Returns ERR_PTR() for error, hashed match (in the unlikely case it's
been found) or new dentry.  In-lookup matches trigger BUG() for
now; that will change in the next commit when we introduce waiting
for ongoing lookup to finish.  Note that in-lookup matches won't be
possible until we actually go for shared locking.

lookup_slow() switched to use of d_alloc_parallel().
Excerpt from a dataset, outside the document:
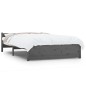Giroletto Grigio in Legno Massello 135x190 cm 4FT6 Double Giroletto Grigio in Legno Massello 135x190 cm 4FT6 Double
Again, these commits are separated only for making it easier to
review.  All this machinery will start doing something useful only
when we go for shared locking; it's just that the combination is
too large for my taste.

Signed-off-by: Al Viro <viro@zeniv.linux.org.uk>
---
 fs/dcache.c            | 87 ++++++++++++++++++++++++++++++++++++++++++++++++++
 fs/namei.c             | 44 +++++++++++--------------
 include/linux/dcache.h |  2 ++
 3 files changed, 108 insertions(+), 25 deletions(-)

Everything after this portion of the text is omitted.